Благодаря умным распоряжениям Хлопицкого, поляки кое-как держались. Очень может быть, что дела их были бы еще лучше, если бы командиры полков исполняли приказания Хлопицкого, но большинство из них, не считая Хлопицкого главнокомандующим не находило нужным слушаться его приказаний, и чтобы заставить их идти в битву, Хлопицкий каждый раз должен был ездить к Радзивилу и просить его распоряжений, пока сам не получил раны и был выведен из битвы.
Потеря Хлопицкого для поляков, и при том в разгар самой битвы, была очень важна: пока он управлял битвой, дела поляков, как мы сейчас уже заметили, шли кое-как, но когда его не стало, Радзивил окончательно растерялся: крестился, шептал молитвы, призывал на помощь угодников Божьих, и на донесения командиров о печальном положении дела отвечал текстами из священного писания. В то же время Уминский и Круковецкий поссорились между собой, Шембека плакал, а Прондзинский и Хржановский подрались, один только начальник третьей дивизии Скржинецкий сохранял присутствие духа и только благодаря ему польская армия не была окончательно истреблена.
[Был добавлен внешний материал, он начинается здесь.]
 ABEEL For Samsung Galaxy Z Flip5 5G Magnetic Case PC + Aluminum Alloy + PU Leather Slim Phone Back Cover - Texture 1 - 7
Поразивши польскую армию, русский главнокомандующий три дня простоял без дела на поле битвы, ожидая польской депутации из Варшавы с покорностью. Но на четвертый день получено было известие, что поляки укрепляют Варшаву: стало ясно, что поляки и не думают сдаваться. Тогда русский фельдмаршал созвал военный совет, на котором положено было отступить на юг от Варшавы, где ожидать прибытия осадного парка и тогда приступить к штурму варшавских укреплений.
Между тем польский главнокомандующий, после поражения под Гроховом, прибежавши в Варшаву, издал прокламацию, в которой старался выгородить себя в поражении под Гроховом: всю вину он сваливал на Хлоппцкого и Прондзинского. По этому поводу был собран сейм, на который пригласили главнокомандующего Радзивила. Тут на него со всех сторон посыпались укоризны и обвинения и, наконец, лишили его власти. Затем приступили к выбору другого главнокомандующего. После долгих и бурных споров избрали главнокомандующим Скржинецкого.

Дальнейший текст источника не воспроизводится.